If so, then what was the original range of depth values? Unless it was strictly 0 to 1 with a resolution of 1/256 at most, or unless it was small integers in the range 0 to 255, then the original depth information is gone. Movies, unless specially created, are stored internally as 8 bits (integers 0 to 255) or 8 bits per pixel (R, G, B, each integers 0 to 255.)
You need to check
size(M(1).colormap)
and see if it is empty. If it is, then
size(M(1).cdata)
for a color image will show the height then the width then 3 (the number of color channels.) If the colormap is empty, then the cdata for each frame already contains all the information stored for each pixel.
If the colormap is _not_ empty, then size(M(1).cdata) should show just a height and a width, with _no_ 3 afterwards. Those images are "indexed images", and each pixel is an index in to the colormap. If that is the case, then
ind2rgb(M(K).cdata, M(K).colormap)
will return the RGB (3 channel) version of the frame.

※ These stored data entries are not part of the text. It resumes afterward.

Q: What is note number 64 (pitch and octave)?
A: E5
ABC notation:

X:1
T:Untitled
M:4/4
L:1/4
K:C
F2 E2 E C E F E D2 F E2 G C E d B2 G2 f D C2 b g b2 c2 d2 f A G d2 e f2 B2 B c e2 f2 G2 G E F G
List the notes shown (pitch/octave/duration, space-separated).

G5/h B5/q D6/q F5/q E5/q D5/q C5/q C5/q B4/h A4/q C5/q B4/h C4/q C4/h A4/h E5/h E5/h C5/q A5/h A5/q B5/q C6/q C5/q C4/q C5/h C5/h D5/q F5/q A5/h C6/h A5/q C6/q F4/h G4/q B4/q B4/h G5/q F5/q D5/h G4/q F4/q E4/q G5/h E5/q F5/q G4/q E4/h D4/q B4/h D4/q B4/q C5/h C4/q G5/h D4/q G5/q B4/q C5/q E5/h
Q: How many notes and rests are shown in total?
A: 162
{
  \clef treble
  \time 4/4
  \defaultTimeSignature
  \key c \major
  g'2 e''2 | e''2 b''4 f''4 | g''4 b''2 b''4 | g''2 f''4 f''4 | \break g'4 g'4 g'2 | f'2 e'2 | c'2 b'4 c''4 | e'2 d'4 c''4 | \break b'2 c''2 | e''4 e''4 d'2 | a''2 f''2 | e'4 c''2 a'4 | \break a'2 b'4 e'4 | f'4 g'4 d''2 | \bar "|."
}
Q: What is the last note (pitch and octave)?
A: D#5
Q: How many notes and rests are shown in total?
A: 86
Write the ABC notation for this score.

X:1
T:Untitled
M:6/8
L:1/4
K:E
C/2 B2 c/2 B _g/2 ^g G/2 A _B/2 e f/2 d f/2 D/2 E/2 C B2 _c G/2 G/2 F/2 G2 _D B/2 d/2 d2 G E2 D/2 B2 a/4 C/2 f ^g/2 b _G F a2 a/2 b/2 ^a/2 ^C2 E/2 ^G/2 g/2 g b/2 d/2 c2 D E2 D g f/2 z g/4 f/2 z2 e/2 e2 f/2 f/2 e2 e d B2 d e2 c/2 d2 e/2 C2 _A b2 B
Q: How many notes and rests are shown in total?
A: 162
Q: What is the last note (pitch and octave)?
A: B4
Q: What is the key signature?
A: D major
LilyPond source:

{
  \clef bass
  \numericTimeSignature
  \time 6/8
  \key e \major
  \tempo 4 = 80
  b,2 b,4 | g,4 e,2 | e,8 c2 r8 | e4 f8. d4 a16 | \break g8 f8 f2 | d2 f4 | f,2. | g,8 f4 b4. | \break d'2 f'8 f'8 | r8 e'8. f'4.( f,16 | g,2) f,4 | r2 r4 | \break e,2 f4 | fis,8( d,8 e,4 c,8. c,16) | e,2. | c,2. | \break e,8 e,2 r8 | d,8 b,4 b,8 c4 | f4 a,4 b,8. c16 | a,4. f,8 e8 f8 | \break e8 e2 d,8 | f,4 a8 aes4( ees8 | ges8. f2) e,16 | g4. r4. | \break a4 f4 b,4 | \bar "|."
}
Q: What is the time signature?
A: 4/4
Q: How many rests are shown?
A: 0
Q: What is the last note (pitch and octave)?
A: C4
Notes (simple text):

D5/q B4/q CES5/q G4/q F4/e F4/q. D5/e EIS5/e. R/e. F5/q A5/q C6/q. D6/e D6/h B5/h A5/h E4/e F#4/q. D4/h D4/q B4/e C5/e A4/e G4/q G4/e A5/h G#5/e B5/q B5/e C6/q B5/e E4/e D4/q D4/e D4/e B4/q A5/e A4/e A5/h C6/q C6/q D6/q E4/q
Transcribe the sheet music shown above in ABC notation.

If you _do_ have indexed images, then there is a possibility that the index values might hold some meaning: an index of 0 might represent the lowest possible depth range, an index of 1 might represent the depth range right above that, and so on. *If* the images were constructed in that way, and *if* you can get information about what the depth range was and about how it was mapped in to indices (e.g., perhaps a change of 1 in the index corresponds to a change of 10 meters in depth), then you could use the .cdata field to map back to an approximate depth for each pixel.
If the frames are _not_ indexed, if they already have R, G, and B channels, then in order to map back to depth information, you would need to know in detail what the original mapping was between depth and chosen color. This is, at best, more tedious to code... but it isn't so bad if you know the exact colormap that was in force at the time and know the minimum and maximum depth... or equivalent information.
The cdata and colormap do not, by themselves, have enough information to reconstruct the data values that were being plotted, but sometimes you only need a little more information (and sometimes you need a lot more.)